**ACTION ITEM:** Each line below must be printed exactly as it stands.

(Caption-style text data)
= = =

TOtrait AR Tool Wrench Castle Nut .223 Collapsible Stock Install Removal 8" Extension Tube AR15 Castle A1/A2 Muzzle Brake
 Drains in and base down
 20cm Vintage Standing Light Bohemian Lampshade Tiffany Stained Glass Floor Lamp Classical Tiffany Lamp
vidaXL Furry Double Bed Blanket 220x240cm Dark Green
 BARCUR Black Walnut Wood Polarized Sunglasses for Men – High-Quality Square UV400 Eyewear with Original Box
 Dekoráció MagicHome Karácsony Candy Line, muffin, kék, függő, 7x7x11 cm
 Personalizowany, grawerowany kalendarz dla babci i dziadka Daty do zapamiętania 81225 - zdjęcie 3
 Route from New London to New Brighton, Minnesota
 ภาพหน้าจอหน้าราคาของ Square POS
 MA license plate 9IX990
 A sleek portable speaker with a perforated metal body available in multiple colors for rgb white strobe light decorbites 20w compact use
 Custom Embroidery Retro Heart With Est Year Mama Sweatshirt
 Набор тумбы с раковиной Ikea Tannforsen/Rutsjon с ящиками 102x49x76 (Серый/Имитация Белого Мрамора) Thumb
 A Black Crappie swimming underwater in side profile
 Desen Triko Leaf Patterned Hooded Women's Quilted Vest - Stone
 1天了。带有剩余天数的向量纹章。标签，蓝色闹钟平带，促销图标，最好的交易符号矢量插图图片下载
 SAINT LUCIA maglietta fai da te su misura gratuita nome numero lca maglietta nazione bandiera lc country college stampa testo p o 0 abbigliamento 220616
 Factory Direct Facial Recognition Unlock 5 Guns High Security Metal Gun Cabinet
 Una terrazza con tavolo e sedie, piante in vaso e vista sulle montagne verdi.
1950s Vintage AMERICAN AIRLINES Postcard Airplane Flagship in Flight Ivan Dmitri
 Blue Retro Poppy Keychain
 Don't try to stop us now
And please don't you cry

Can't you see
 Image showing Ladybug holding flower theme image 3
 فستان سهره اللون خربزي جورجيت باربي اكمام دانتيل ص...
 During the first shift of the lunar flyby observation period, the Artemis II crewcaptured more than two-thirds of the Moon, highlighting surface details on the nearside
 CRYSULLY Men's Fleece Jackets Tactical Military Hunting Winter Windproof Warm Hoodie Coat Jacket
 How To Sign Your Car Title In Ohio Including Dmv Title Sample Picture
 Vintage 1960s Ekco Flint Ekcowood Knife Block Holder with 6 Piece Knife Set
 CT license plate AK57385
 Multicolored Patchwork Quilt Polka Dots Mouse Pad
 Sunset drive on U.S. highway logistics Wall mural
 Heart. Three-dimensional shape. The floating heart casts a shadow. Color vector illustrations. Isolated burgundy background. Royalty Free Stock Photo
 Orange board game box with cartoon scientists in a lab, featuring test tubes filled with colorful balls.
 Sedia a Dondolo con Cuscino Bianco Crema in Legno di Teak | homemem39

= = =

**ANSWER TO THIS EXERCISE:**
TOtrait AR Tool Wrench Castle Nut .223 Collapsible Stock Install Removal 8" Extension Tube AR15 Castle A1/A2 Muzzle Brake
 Drains in and base down
 20cm Vintage Standing Light Bohemian Lampshade Tiffany Stained Glass Floor Lamp Classical Tiffany Lamp
vidaXL Furry Double Bed Blanket 220x240cm Dark Green
 BARCUR Black Walnut Wood Polarized Sunglasses for Men – High-Quality Square UV400 Eyewear with Original Box
 Dekoráció MagicHome Karácsony Candy Line, muffin, kék, függő, 7x7x11 cm
 Personalizowany, grawerowany kalendarz dla babci i dziadka Daty do zapamiętania 81225 - zdjęcie 3
 Route from New London to New Brighton, Minnesota
 ภาพหน้าจอหน้าราคาของ Square POS
 MA license plate 9IX990
 A sleek portable speaker with a perforated metal body available in multiple colors for rgb white strobe light decorbites 20w compact use
 Custom Embroidery Retro Heart With Est Year Mama Sweatshirt
 Набор тумбы с раковиной Ikea Tannforsen/Rutsjon с ящиками 102x49x76 (Серый/Имитация Белого Мрамора) Thumb
 A Black Crappie swimming underwater in side profile
 Desen Triko Leaf Patterned Hooded Women's Quilted Vest - Stone
 1天了。带有剩余天数的向量纹章。标签，蓝色闹钟平带，促销图标，最好的交易符号矢量插图图片下载
 SAINT LUCIA maglietta fai da te su misura gratuita nome numero lca maglietta nazione bandiera lc country college stampa testo p o 0 abbigliamento 220616
 Factory Direct Facial Recognition Unlock 5 Guns High Security Metal Gun Cabinet
 Una terrazza con tavolo e sedie, piante in vaso e vista sulle montagne verdi.
1950s Vintage AMERICAN AIRLINES Postcard Airplane Flagship in Flight Ivan Dmitri
 Blue Retro Poppy Keychain
 Don't try to stop us now
And please don't you cry

Can't you see
 Image showing Ladybug holding flower theme image 3
 فستان سهره اللون خربزي جورجيت باربي اكمام دانتيل ص...
 During the first shift of the lunar flyby observation period, the Artemis II crewcaptured more than two-thirds of the Moon, highlighting surface details on the nearside
 CRYSULLY Men's Fleece Jackets Tactical Military Hunting Winter Windproof Warm Hoodie Coat Jacket
 How To Sign Your Car Title In Ohio Including Dmv Title Sample Picture
 Vintage 1960s Ekco Flint Ekcowood Knife Block Holder with 6 Piece Knife Set
 CT license plate AK57385
 Multicolored Patchwork Quilt Polka Dots Mouse Pad
 Sunset drive on U.S. highway logistics Wall mural
 Heart. Three-dimensional shape. The floating heart casts a shadow. Color vector illustrations. Isolated burgundy background. Royalty Free Stock Photo
 Orange board game box with cartoon scientists in a lab, featuring test tubes filled with colorful balls.
 Sedia a Dondolo con Cuscino Bianco Crema in Legno di Teak | homemem39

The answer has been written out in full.